> PROBLEM: Please print exactly the lines from the line containing "Simple glass beer" through the end of the data, no more, and keep pictures out of the copy.

> THE DATA:
______

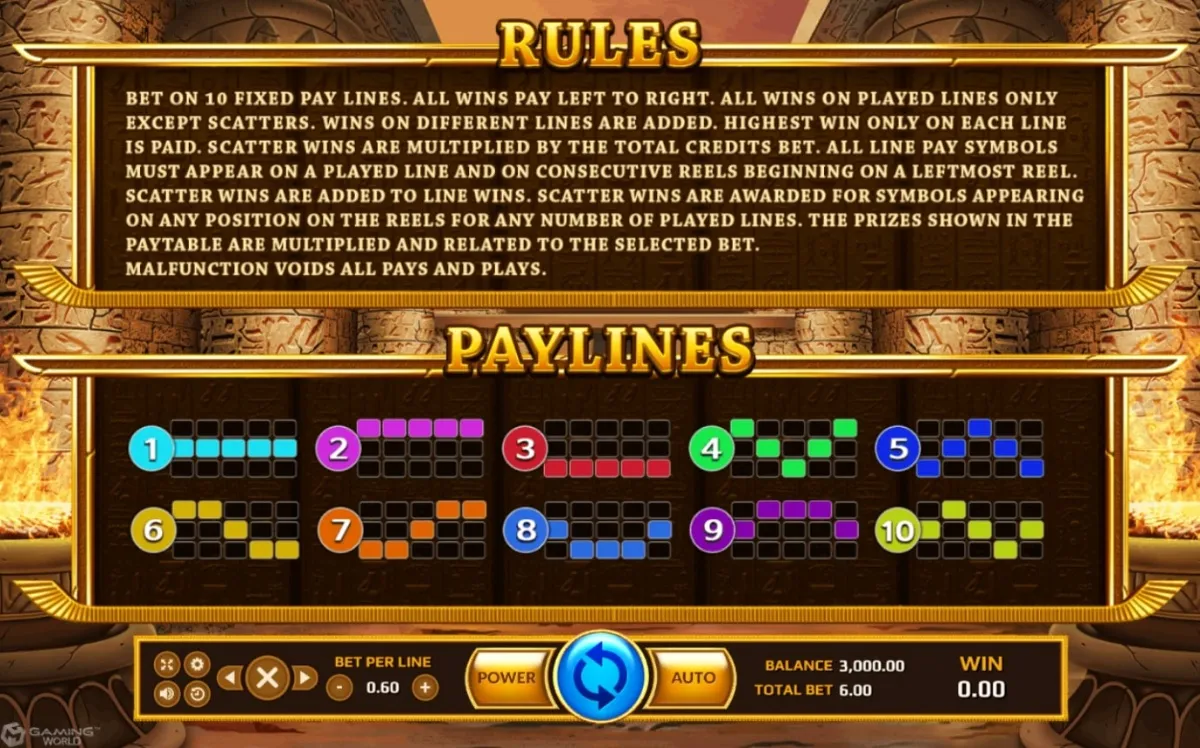 ตารางสัญลักษณ์ Horus Eye แสดงอัตราการจ่ายรางวัล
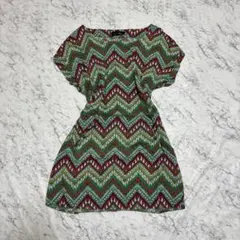 LucyPearl　チュニック　L　総柄　フレンチスリーブ　緑　涼感　エスニック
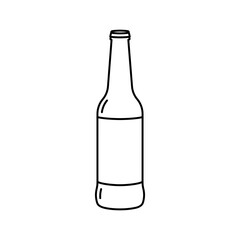 Simple glass beer bottle with screw cap vector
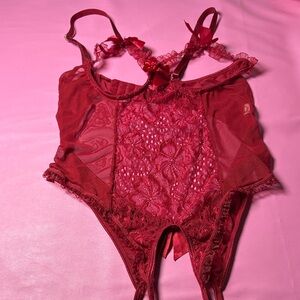 Red Lace Teddy Bodysuit - Women’s Intimates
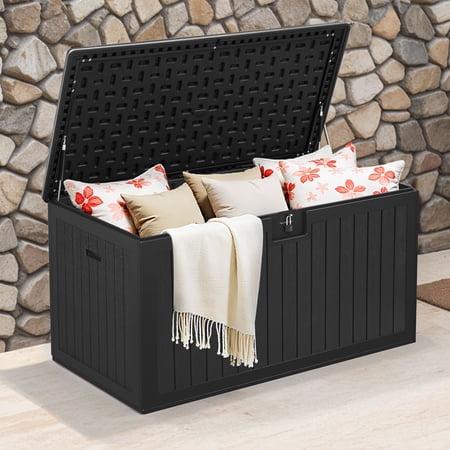 Dextrus 150 Gallon Large Deck Box,Spacious and Versatile Waterproof Outdoor Storage Box for Patio Furniture Cushions, Garden Tools, and Pool Toys, Black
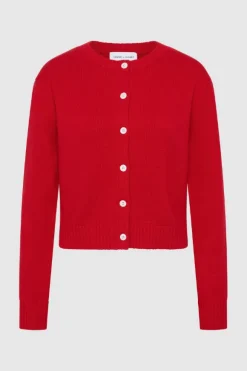 Cotton Wool Knit Cardigan Red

______

> REPLY TO THE EXERCISE:
 Simple glass beer bottle with screw cap vector
 Red Lace Teddy Bodysuit - Women’s Intimates
 Dextrus 150 Gallon Large Deck Box,Spacious and Versatile Waterproof Outdoor Storage Box for Patio Furniture Cushions, Garden Tools, and Pool Toys, Black
 Cotton Wool Knit Cardigan Red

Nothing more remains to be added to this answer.